Crawler

There is no official compiled package for the Crawler inside Malaya, but it’s included in the repository.

From Source

The crawler is actively developed on Github.

You need to clone the public repo:

git clone https://github.com/huseinzol05/malaya

You need to install dependencies before able to use the crawler.

For ubuntu / debian based:

pip3 install bs4 newspaper3k fake_useragent unidecode
apt-get install libxml2-dev libxslt-dev libjpeg-dev zlib1g-dev libpng12-dev -y
curl https://raw.githubusercontent.com/codelucas/newspaper/master/download_corpora.py | python3

For Mac OS:

brew install libxml2 libxslt
brew install libtiff libjpeg webp little-cms2
pip3 install bs4 newspaper3k fake_useragent unidecode
curl https://raw.githubusercontent.com/codelucas/newspaper/master/download_corpora.py | python3

And start the crawler:

python3 crawl/main.py -i "isu mahathir" -s 2009 -e 2019 -l 10

Get Help

You can check help from the crawler:

python3 crawl/main.py --help
usage: main.py [-h] -i ISSUE -s START -e END -l LIMIT [-p SLEEP] [-m MALAYA]

optional arguments:
  -h, --help                  show this help message and exit
  -i ISSUE, --issue ISSUE     issue to search
  -s START, --start START     year start to crawl
  -e END, --end END           year end to crawl
  -l LIMIT, --limit LIMIT     limit of articles to crawl
  -p SLEEP, --sleep SLEEP     seconds to sleep for every 10 articles
  -m MALAYA, --malaya MALAYA  boolean to use Malaya

How to start

python3 crawl/main.py -i "isu mahathir" -s 2009 -e 2019 -l 10

The data will be saved later inside crawl/ in .json

Example result return:

{
      "title":"Mahathir alergik isu agama",
      "url":"http://www.utusan.com.my/berita/politik/mahathir-alergik-isu-agama-1.583393",
      "authors":[
         "Muhammad Hasif Idris"
      ],
      "top-image":"http://www.utusan.com.my/polopoly_fs/1.557597!/image/image.jpg_gen/derivatives/landscape_650/image.jpg",
      "text":"KOTA BHARU 2 Jan. \u2013 Pas menyifatkan tindakan Pengerusi Parti Pribumi Bersatu Malaysia (PPBM), Tun Dr.
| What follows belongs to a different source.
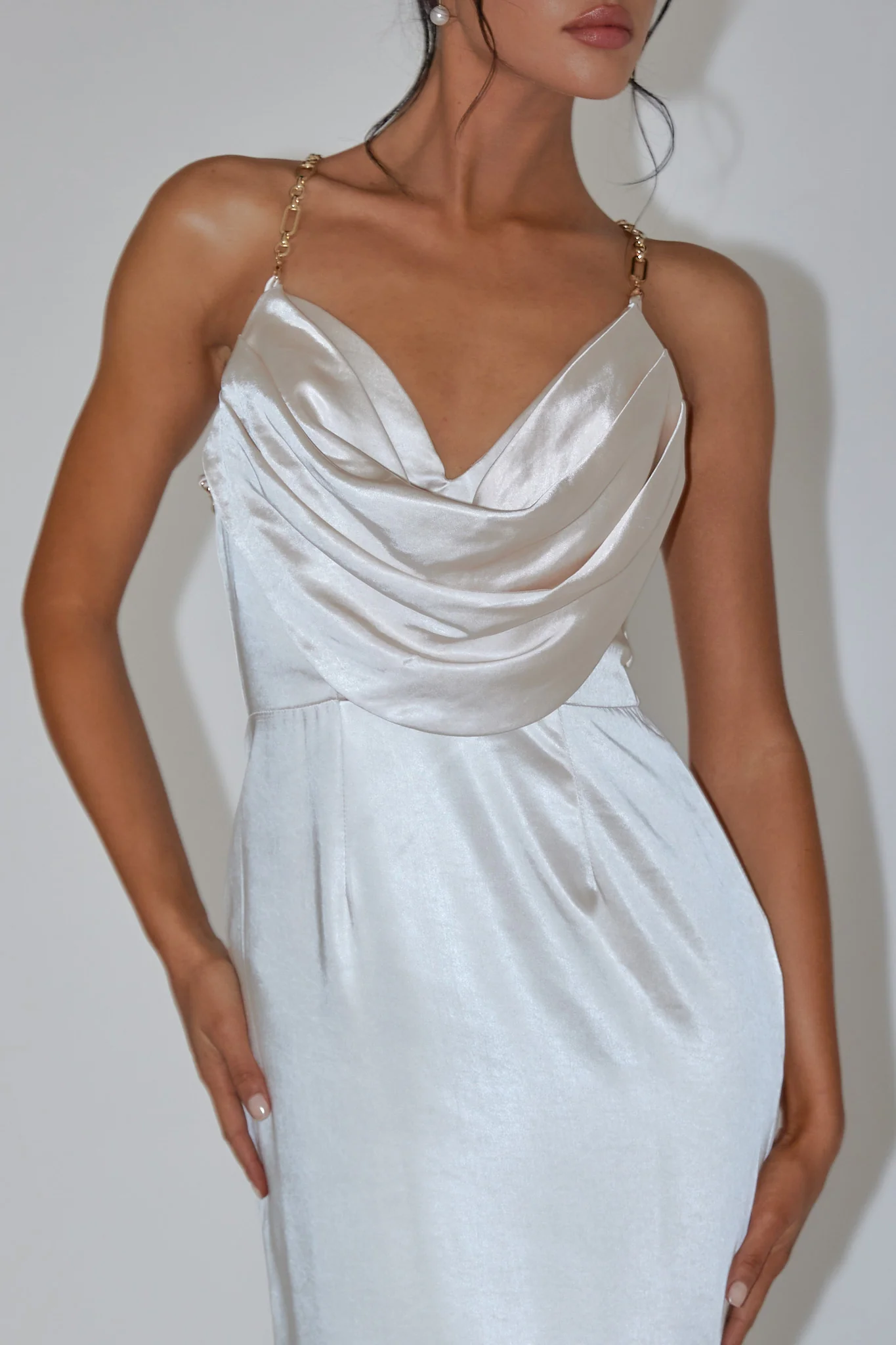 Emanuella Chain Strap Satin Midi Dress Champagne - Image 4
Mahathir Mohamad seolah-olah alergik dengan isu agama kerana sering mengeluarkan kenyataan yang menyerlahkan kejahilannya sendiri.\n\nNaib Presiden Pas, Datuk Mohd. Amar Nik Abdullah berkata, pandangan yang diberikan oleh Dr. Mahathir menunjukkan beliau tidak boleh menerima hakikat sebenar yang berlaku.\n\n\u201cSejak dahulu lagi, bila beliau (Dr. Mahathir) cakap bab agama, tak layak pun, bukan saya hendak merendah-rendahkannya. Namun, beliau tiada kelayakan untuk bercakap, lagi baik diam, apabila bercakap nampak kejahilan diri sendiri.\n\n\u201cMalah, beliau seolah-olah alergik dengan isu agama, apabila memberikan respon nampak keras, macam tidak boleh terima. Saya tidak tahu apa perasaan sebenar beliau sebab sejak dari dahulu lagi dia tidak suka Pas, orang UMNO mana hendak suka Pas,\u201d katanya.\n\nBeliau berkata demikian ketika ditemui pemberita selepas Majlis Amanat Khas Tahun Baharu 2018 dan Perhimpunan Penjawat Awam Kelantan di Kompleks Kota Darul Naim di sini hari ini.\n\nYang turut hadir Menteri Besar, Datuk Ahmad Yakob. - UTUSAN ONLINE",
      "keyword":[
         "kota",
         "nampak",
         "pas",
         "mahathir",
         "sebenar",
         "alergik isu agama"
      ],
      "summary":"beliau ditemui pemberita majlis amanat khas tahun baharu perhimpunan penjawat awam kelantan kompleks kota darul naim. yang hadir menteri besar datuk ahmad yakob. utusan online",
      "news":"Utusan Malaysia",
      "date":"01-01-2018",
      "language":"MALAY"
}

Parameters

issue : (string)

An issue or search you want to crawl, if your search is a sentence, you need to include double quote, "isu terkini".

start: (int)

Year start of news to start, eg, 2009.

end: (int)

Year end of news to end, eg, 2020.

limit: (int)

Limit of news want to crawl, eg, if put 100 only get more or less than 100.

sleep: (int)

Seconds to let the crawler sleeps to prevent IP block, eg 10 represents 10 seconds.

malaya: (bool)

Boolean to use Malaya, if False, summary and language will not returned, but not required Malaya to be install in local machine.